Hailing from a nation where pop music production was once a dangerous act, UTN1 have proved themselves to be an excellent boy band in their own right
When writing a review of any artist whose backstory in music is one of oppression, one has to make a decision about how much of this narrative should be included and how relevant it is to their work. No matter which artist would be reviewed from Iraq, as it is a country that has undergone such brutal turmoil in recent decades, it would seem remiss not to discuss the artist in the context of the politics of their homeland. On the other hand whilst Iraq’s modern history obviously has bearings on the artists as individuals, one might question how relevant it is to the music, in this case, considering that by the time UTN1 released their third album they had been living outside Iraq for six years. Furthermore, one might be inclined to be overly complimentary, in what could appear to be a rather patronising manner, about the album purely because of the band’s impressive origin story, rather than evaluating it on its own terms. Both points of view are valid and as such I have decided to try to strike a balance in giving some context about their backstory and how it might affect their album in some ways, whilst at the same time also trying to keep musical analysis separate.

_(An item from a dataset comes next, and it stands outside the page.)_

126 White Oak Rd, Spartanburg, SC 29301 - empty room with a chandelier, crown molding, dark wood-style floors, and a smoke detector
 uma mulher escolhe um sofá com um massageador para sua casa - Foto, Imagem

“It carries within it an array of styles that exist within the broader genre of pop, and they tackle each one with a deft hand.”
There are many points of view that exist surrounding Saddam Hussein’s presidency of Iraq, the 2003 invasion and the years of chaos that have followed. However, most can agree that a large portion of the population were fed up with some repressive elements of Hussein’s dictatorship and as such certain members of the population engaged in subversive acts in an attempt to express themselves even if they were putting themselves at great risk. Before the turn of the millennium, Armenian Christians Artein Haroutonian and Shant Garabedian began composing songs on a keyboard that they had to hide in their car. They then put out an advert and were joined by Shia Muslims Akhlad Raof and Nadeem Hamed (who left the band before the release of Tatazakarein). The diversity of the band at a time in which divisions were rising, stoked in part by the Sunni minority that were in charge, is just one of the impressive parts of UTN1's tale.
The band were inspired by Western pop acts such as the Backstreet Boys and although that in some respects went against Hussein’s anti-Western stance, the band, nevertheless, had to compose a song in honour of Hussein's birthday called Man of Glory that would be played on radio more than twice an hour around the time of his celebration. In complete juxtaposition to this is the fact that the band managed to independently record and release an album that sold over 2,000 copies just before the war broke out. The renegades even sung some songs in English on From Now On. UTN1 which stands for Unknown to No One were making themselves known for something which would have been deeply disapproved of by the regime, however, their adoration of Western pop could not be stopped.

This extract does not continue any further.